According to the article, the world’s fastest fighter jet, the MiG-25 frightened the US and its NATO allies when it was designed by the Soviet Union. At the time it was the only plane in the SSSR arsenal which might be able to catch SR-71 Blackbird. According to some sources, it was also codenamed as the “Blackbird Killer.”
At that time, in 1964, the SR-71 couldn’t be caught by any air defense, rendered nearly invulnerable due to its blazing speed and high altitude. The Soviets, though, created a plane that could give it a close chase. In fact, the MiG-25 was originally designed to catch another deadly airframe, the B-70 Valkyrie bomber.
The MiG-25’s turbojet design makes it possible for the plane to reach a speed of up to 2.8 Mach (around 3,500 km/h, or 2,150 mph) in operational conditions, or even 3.2 Mach (close to 4,000 km/h or 2,450 mph). The aircraft’s speed combined with its possible manoeuvering capability would have left any western plane far behind at that time, and even today.

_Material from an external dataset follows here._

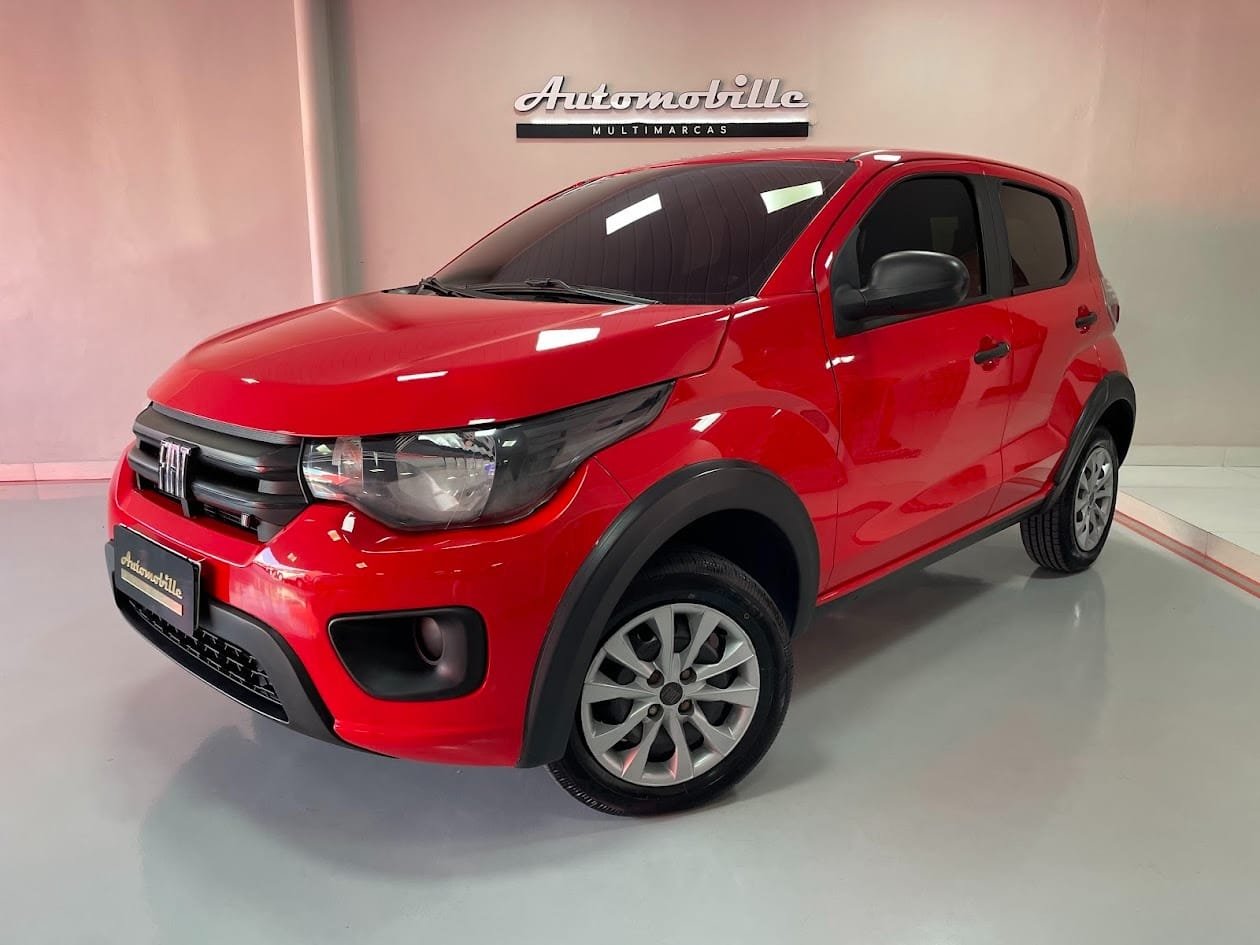 imagem de LIKE 1.0 Fire Flex 5p.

However, after a Soviet pilot defected to Japan with his MiG-25 in 1976, the NATO tested the plane, learning it didn’t have a look-down, shoot-down radar system, and wasn’t maneuverable enough to defeat its rivals. The Soviets have built a lot of MiG-25s (around 1,200, the exact number not known). Some of the fighter jets were exported to countries like Syria, Iraq, and Libya, but most of them remained in Soviet service.
At that time, he was the only plane able to catch SR-71. The MiG-25 Foxbat had a top speed of 2,156 miles per hour (compared to the SR-71 Blackbird’s 2,200 miles per hour) and its primary weapon was the AA-6 Acrid.
For sure, it found his place in the world’s history and has become a symbol of the past time.